- **Exercise prompt**
Print the records below exactly, with no pictures.
[Available data Boundary: Start]
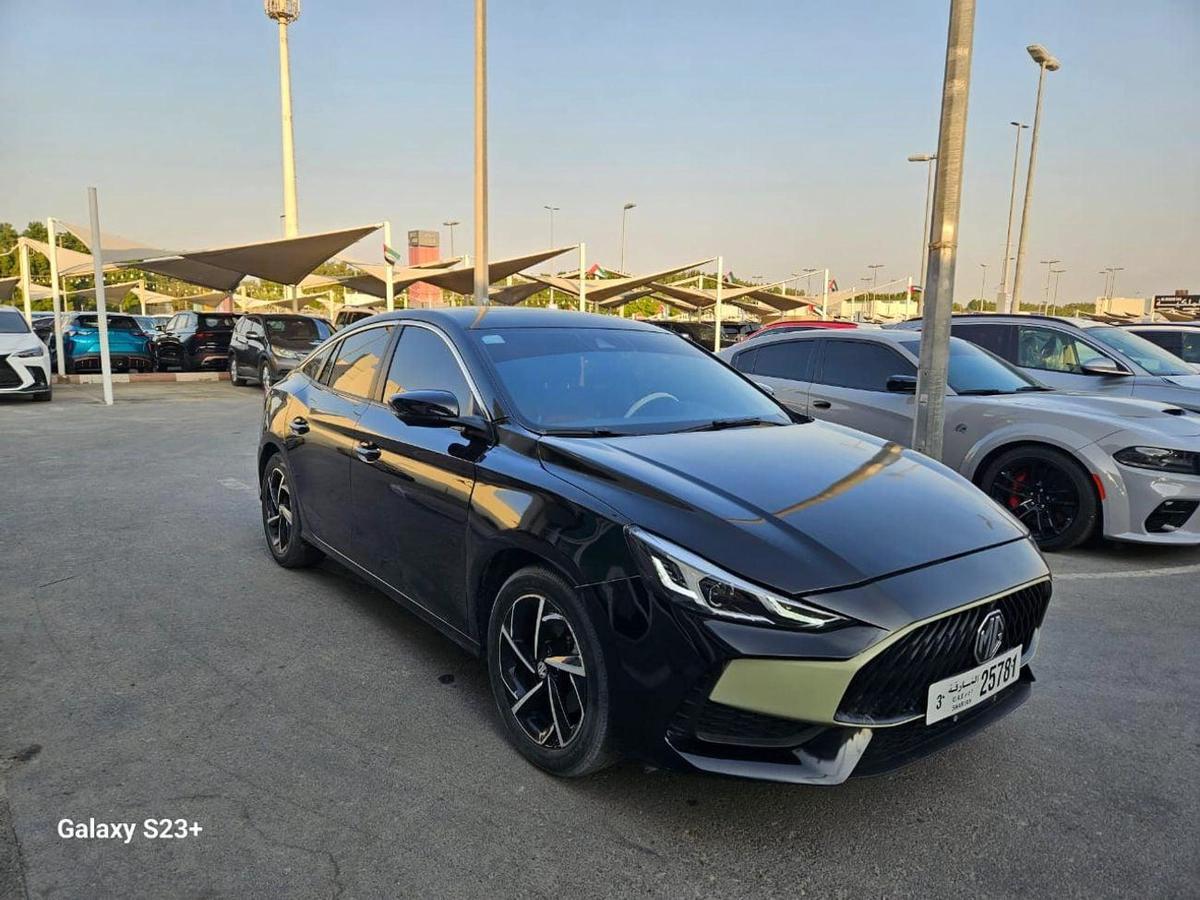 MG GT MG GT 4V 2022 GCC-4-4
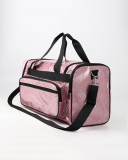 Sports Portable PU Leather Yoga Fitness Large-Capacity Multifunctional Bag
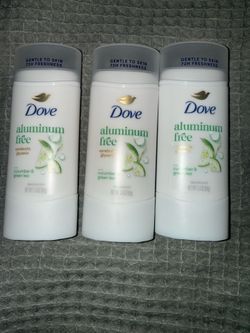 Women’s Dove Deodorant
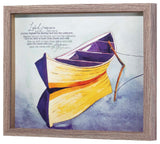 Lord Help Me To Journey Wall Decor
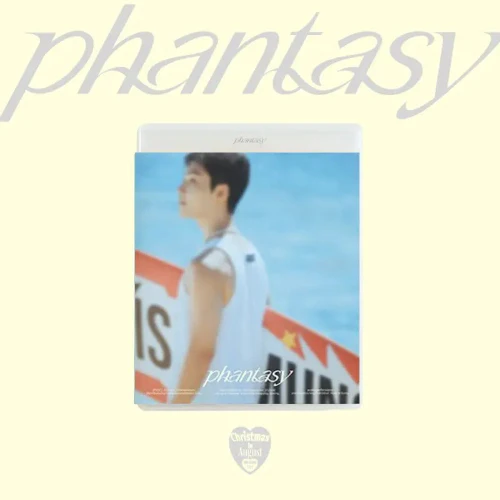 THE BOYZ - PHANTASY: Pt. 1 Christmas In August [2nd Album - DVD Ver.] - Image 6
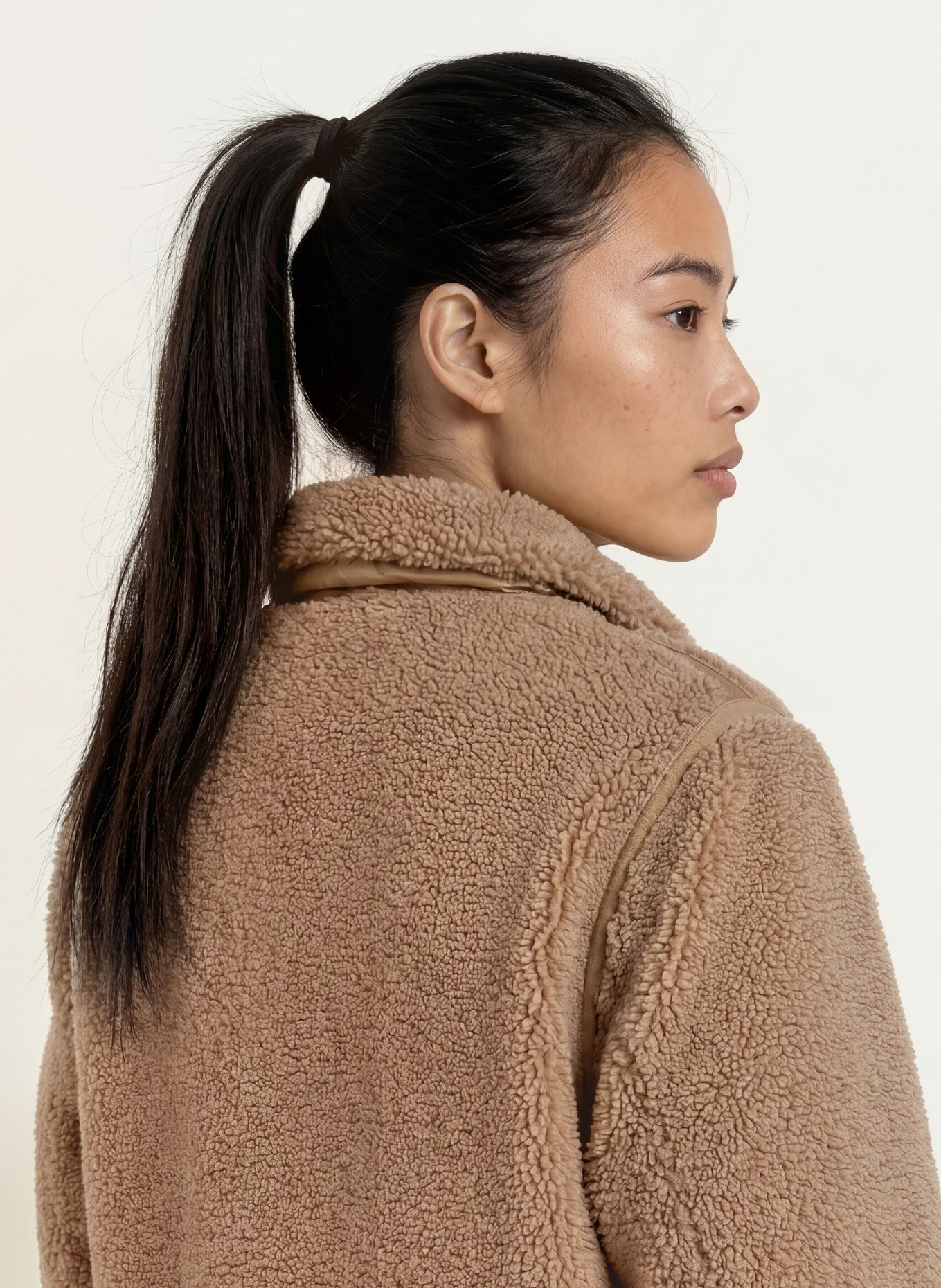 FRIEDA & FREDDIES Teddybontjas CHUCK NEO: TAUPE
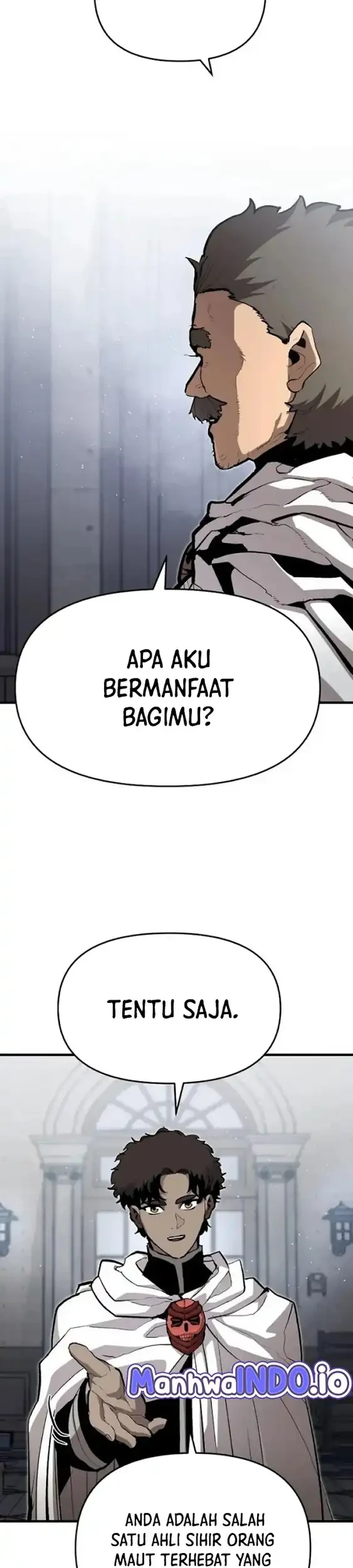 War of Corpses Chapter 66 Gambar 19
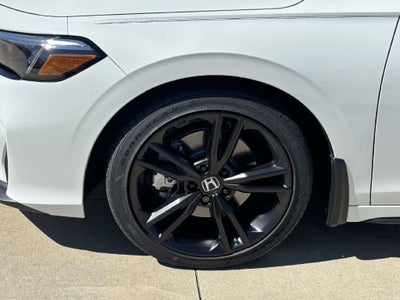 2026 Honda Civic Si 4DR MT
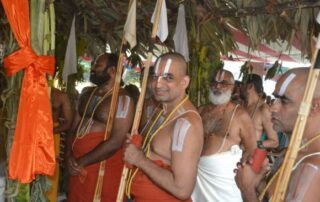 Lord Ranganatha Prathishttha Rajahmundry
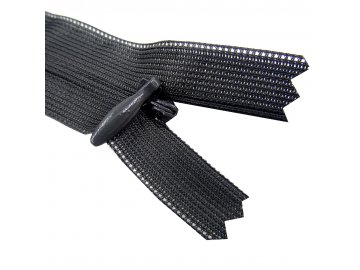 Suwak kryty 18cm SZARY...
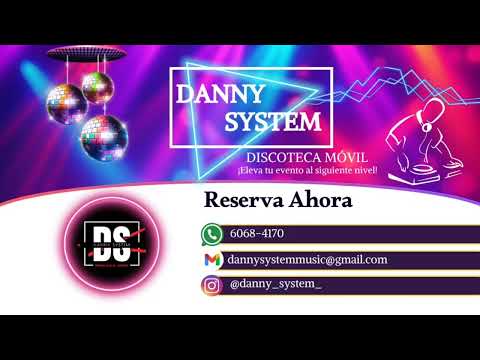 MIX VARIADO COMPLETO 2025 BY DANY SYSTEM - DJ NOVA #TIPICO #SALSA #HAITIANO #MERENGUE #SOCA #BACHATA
[Available data Boundary: End]
- **Answer section**
 MG GT MG GT 4V 2022 GCC-4-4
 Sports Portable PU Leather Yoga Fitness Large-Capacity Multifunctional Bag
 Women’s Dove Deodorant
 Lord Help Me To Journey Wall Decor
 THE BOYZ - PHANTASY: Pt. 1 Christmas In August [2nd Album - DVD Ver.] - Image 6
 FRIEDA & FREDDIES Teddybontjas CHUCK NEO: TAUPE
 War of Corpses Chapter 66 Gambar 19
 2026 Honda Civic Si 4DR MT
 Lord Ranganatha Prathishttha Rajahmundry
 Suwak kryty 18cm SZARY...
 MIX VARIADO COMPLETO 2025 BY DANY SYSTEM - DJ NOVA #TIPICO #SALSA #HAITIANO #MERENGUE #SOCA #BACHATA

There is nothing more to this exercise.